A livello di tematiche, cosa hai voluto raccontare e, per quanto riguarda l’aspetto musicale, quali sonorità hai voluto abbracciare?
«Ho raccontato un po’ più me stesso, affrontando tematiche che non avevo toccato prima. Non ho voluto realizzare un album tutto uguale, con sonorità trap dall’inizio alla fine, bensì contaminando parecchie canzoni con l’hip hop o l’R’n’B, ho variato un po’, proprio per far capire che posso fare di tutto».
Come sono nati i feautiring e come hai selezionato gli ospiti presenti?
«Ho pensato di coinvolgere nel progetto gli artisti italiani che rispetto, a partire dalla Dark Polo Gang, ho fatto un feat con Tony Effe e uno con Pyrex, mi spiace molto non esserci riuscito con Wayne Santana, ma ci rifaremo presto.

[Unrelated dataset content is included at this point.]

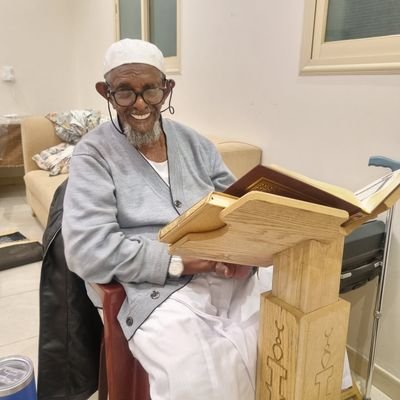 Abha70Amin's profile picture.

Sono contentissimo di aver lavorato con Shiva perché spacca, ma anche Enzo Dong che per me è stato un pioniere della trap in Italia. Comunque sì, ho collaborato con parecchie persone, ospiti che sono venuti a trovarmi a casa mia, a Vicenza, la mia città che ho definito la nuova Atlanta perché siamo in tanti, sforniamo tanta roba e lavoriamo bene».
Dopo il successo ottenuto con “Guarda come flexo”, l’hype intorno a questo progetto è abbastanza alto. Quali sono le tue personali aspettative?
«Mi aspetto solo che faccia bene, sarà la gente a decretare se è andata o meno, io non posso far altro che augurarmelo. Non vedo l’ora di incontrare il pubblico nei vari in store, con loro interagisco tanto sui social, cercando di essere il più possibile me stesso, mostrandomi per come sono, probabilmente i miei fan lo apprezzano perché mi apro davvero molto e mostro dei lati che magari altri artisti tengono per loro».
In un momento storico in cui tutto và veloce e si fatica per attirare l’attenzione dell’ascoltatore, quali devono essere secondo te le caratteristiche per fare in modo che una canzone non venga “skippata”?
«Intanto il beat quando inizia deve spaccare, non è facile e a volte non viene compreso subito, forse la vera chiave è il ritornello, che ti deve rimanere bene in testa. E’ brutto da dire ma, tante volte, le canzoni più stupide vanno di più perché ti entrano in loop. Poi bisogna giocare su ciò che và al momento, l’attualità funziona parecchio».
Per concludere, dove e a chi desideri arrivare con la tua musica?
«Boh (sorride, ndr), non desidero arrivare a nessuno in particolare, mi piacerebbe essere apprezzato da chi ha piacere ad ascoltarmi. Di sicuro mi piacerebbe poter in futuro lavorare anche negli Stati Uniti, fare robe anche lì, visto che mio papà è americano e parlo benissimo l’inglese, sono perfettamente bilingue, mi piacerebbe poter spaccare anche Oltreoceano».